• Problem statement
Your response should consist of every line below, reproduced without alteration.

• Dataset

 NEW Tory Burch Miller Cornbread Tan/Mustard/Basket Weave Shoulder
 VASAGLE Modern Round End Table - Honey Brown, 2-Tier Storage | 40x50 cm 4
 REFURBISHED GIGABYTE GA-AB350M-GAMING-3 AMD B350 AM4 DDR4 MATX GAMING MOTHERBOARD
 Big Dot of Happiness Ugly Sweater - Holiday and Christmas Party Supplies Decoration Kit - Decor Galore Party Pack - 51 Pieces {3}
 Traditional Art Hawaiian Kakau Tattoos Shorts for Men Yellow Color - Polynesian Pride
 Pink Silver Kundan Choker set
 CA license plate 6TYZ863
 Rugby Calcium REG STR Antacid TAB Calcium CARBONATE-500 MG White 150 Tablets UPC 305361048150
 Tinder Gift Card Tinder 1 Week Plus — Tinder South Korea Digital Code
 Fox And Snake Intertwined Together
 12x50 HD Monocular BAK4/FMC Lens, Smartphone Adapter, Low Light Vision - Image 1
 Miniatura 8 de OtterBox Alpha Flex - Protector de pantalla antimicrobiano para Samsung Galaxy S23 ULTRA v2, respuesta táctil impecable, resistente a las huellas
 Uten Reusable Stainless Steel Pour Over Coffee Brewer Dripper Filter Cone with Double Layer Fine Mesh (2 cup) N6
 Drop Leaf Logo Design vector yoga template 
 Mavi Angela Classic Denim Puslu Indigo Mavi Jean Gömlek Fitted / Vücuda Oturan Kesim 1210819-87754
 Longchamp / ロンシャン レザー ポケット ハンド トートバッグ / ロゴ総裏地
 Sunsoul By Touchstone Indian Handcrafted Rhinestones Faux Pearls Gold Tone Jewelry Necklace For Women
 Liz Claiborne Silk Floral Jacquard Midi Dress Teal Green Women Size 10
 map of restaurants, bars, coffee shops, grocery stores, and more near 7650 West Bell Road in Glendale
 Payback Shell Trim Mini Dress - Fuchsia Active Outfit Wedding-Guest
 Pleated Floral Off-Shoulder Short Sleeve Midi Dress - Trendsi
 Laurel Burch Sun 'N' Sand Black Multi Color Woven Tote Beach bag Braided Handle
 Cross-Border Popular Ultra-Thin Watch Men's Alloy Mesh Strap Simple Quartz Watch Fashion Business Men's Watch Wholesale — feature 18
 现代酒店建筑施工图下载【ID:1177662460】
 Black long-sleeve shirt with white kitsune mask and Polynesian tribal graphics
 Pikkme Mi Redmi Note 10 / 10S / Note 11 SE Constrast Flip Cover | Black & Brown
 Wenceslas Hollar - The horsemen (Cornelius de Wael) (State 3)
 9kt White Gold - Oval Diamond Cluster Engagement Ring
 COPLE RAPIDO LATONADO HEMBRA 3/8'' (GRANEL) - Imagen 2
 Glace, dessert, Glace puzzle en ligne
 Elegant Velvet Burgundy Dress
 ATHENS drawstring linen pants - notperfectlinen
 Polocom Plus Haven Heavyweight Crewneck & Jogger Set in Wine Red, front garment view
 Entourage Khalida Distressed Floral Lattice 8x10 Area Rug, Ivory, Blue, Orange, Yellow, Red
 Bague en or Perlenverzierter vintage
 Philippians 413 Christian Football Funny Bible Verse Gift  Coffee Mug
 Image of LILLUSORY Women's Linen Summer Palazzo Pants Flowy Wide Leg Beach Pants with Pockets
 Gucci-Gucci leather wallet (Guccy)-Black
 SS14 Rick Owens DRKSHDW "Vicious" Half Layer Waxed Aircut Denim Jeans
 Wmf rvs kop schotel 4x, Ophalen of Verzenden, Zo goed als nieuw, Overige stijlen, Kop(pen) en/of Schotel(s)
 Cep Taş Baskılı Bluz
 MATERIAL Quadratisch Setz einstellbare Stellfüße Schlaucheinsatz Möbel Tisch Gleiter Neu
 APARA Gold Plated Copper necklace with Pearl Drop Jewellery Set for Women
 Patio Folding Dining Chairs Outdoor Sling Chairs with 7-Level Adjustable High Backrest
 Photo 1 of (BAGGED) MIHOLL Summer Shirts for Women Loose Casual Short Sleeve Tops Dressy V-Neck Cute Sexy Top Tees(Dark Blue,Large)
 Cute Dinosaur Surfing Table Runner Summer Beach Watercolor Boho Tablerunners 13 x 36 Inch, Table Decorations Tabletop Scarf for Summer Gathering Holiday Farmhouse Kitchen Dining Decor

• Response to the exercise
 NEW Tory Burch Miller Cornbread Tan/Mustard/Basket Weave Shoulder
 VASAGLE Modern Round End Table - Honey Brown, 2-Tier Storage | 40x50 cm 4
 REFURBISHED GIGABYTE GA-AB350M-GAMING-3 AMD B350 AM4 DDR4 MATX GAMING MOTHERBOARD
 Big Dot of Happiness Ugly Sweater - Holiday and Christmas Party Supplies Decoration Kit - Decor Galore Party Pack - 51 Pieces {3}
 Traditional Art Hawaiian Kakau Tattoos Shorts for Men Yellow Color - Polynesian Pride
 Pink Silver Kundan Choker set
 CA license plate 6TYZ863
 Rugby Calcium REG STR Antacid TAB Calcium CARBONATE-500 MG White 150 Tablets UPC 305361048150
 Tinder Gift Card Tinder 1 Week Plus — Tinder South Korea Digital Code
 Fox And Snake Intertwined Together
 12x50 HD Monocular BAK4/FMC Lens, Smartphone Adapter, Low Light Vision - Image 1
 Miniatura 8 de OtterBox Alpha Flex - Protector de pantalla antimicrobiano para Samsung Galaxy S23 ULTRA v2, respuesta táctil impecable, resistente a las huellas
 Uten Reusable Stainless Steel Pour Over Coffee Brewer Dripper Filter Cone with Double Layer Fine Mesh (2 cup) N6
 Drop Leaf Logo Design vector yoga template 
 Mavi Angela Classic Denim Puslu Indigo Mavi Jean Gömlek Fitted / Vücuda Oturan Kesim 1210819-87754
 Longchamp / ロンシャン レザー ポケット ハンド トートバッグ / ロゴ総裏地
 Sunsoul By Touchstone Indian Handcrafted Rhinestones Faux Pearls Gold Tone Jewelry Necklace For Women
 Liz Claiborne Silk Floral Jacquard Midi Dress Teal Green Women Size 10
 map of restaurants, bars, coffee shops, grocery stores, and more near 7650 West Bell Road in Glendale
 Payback Shell Trim Mini Dress - Fuchsia Active Outfit Wedding-Guest
 Pleated Floral Off-Shoulder Short Sleeve Midi Dress - Trendsi
 Laurel Burch Sun 'N' Sand Black Multi Color Woven Tote Beach bag Braided Handle
 Cross-Border Popular Ultra-Thin Watch Men's Alloy Mesh Strap Simple Quartz Watch Fashion Business Men's Watch Wholesale — feature 18
 现代酒店建筑施工图下载【ID:1177662460】
 Black long-sleeve shirt with white kitsune mask and Polynesian tribal graphics
 Pikkme Mi Redmi Note 10 / 10S / Note 11 SE Constrast Flip Cover | Black & Brown
 Wenceslas Hollar - The horsemen (Cornelius de Wael) (State 3)
 9kt White Gold - Oval Diamond Cluster Engagement Ring
 COPLE RAPIDO LATONADO HEMBRA 3/8'' (GRANEL) - Imagen 2
 Glace, dessert, Glace puzzle en ligne
 Elegant Velvet Burgundy Dress
 ATHENS drawstring linen pants - notperfectlinen
 Polocom Plus Haven Heavyweight Crewneck & Jogger Set in Wine Red, front garment view
 Entourage Khalida Distressed Floral Lattice 8x10 Area Rug, Ivory, Blue, Orange, Yellow, Red
 Bague en or Perlenverzierter vintage
 Philippians 413 Christian Football Funny Bible Verse Gift  Coffee Mug
 Image of LILLUSORY Women's Linen Summer Palazzo Pants Flowy Wide Leg Beach Pants with Pockets
 Gucci-Gucci leather wallet (Guccy)-Black
 SS14 Rick Owens DRKSHDW "Vicious" Half Layer Waxed Aircut Denim Jeans
 Wmf rvs kop schotel 4x, Ophalen of Verzenden, Zo goed als nieuw, Overige stijlen, Kop(pen) en/of Schotel(s)
 Cep Taş Baskılı Bluz
 MATERIAL Quadratisch Setz einstellbare Stellfüße Schlaucheinsatz Möbel Tisch Gleiter Neu
 APARA Gold Plated Copper necklace with Pearl Drop Jewellery Set for Women
 Patio Folding Dining Chairs Outdoor Sling Chairs with 7-Level Adjustable High Backrest
 Photo 1 of (BAGGED) MIHOLL Summer Shirts for Women Loose Casual Short Sleeve Tops Dressy V-Neck Cute Sexy Top Tees(Dark Blue,Large)
 Cute Dinosaur Surfing Table Runner Summer Beach Watercolor Boho Tablerunners 13 x 36 Inch, Table Decorations Tabletop Scarf for Summer Gathering Holiday Farmhouse Kitchen Dining Decor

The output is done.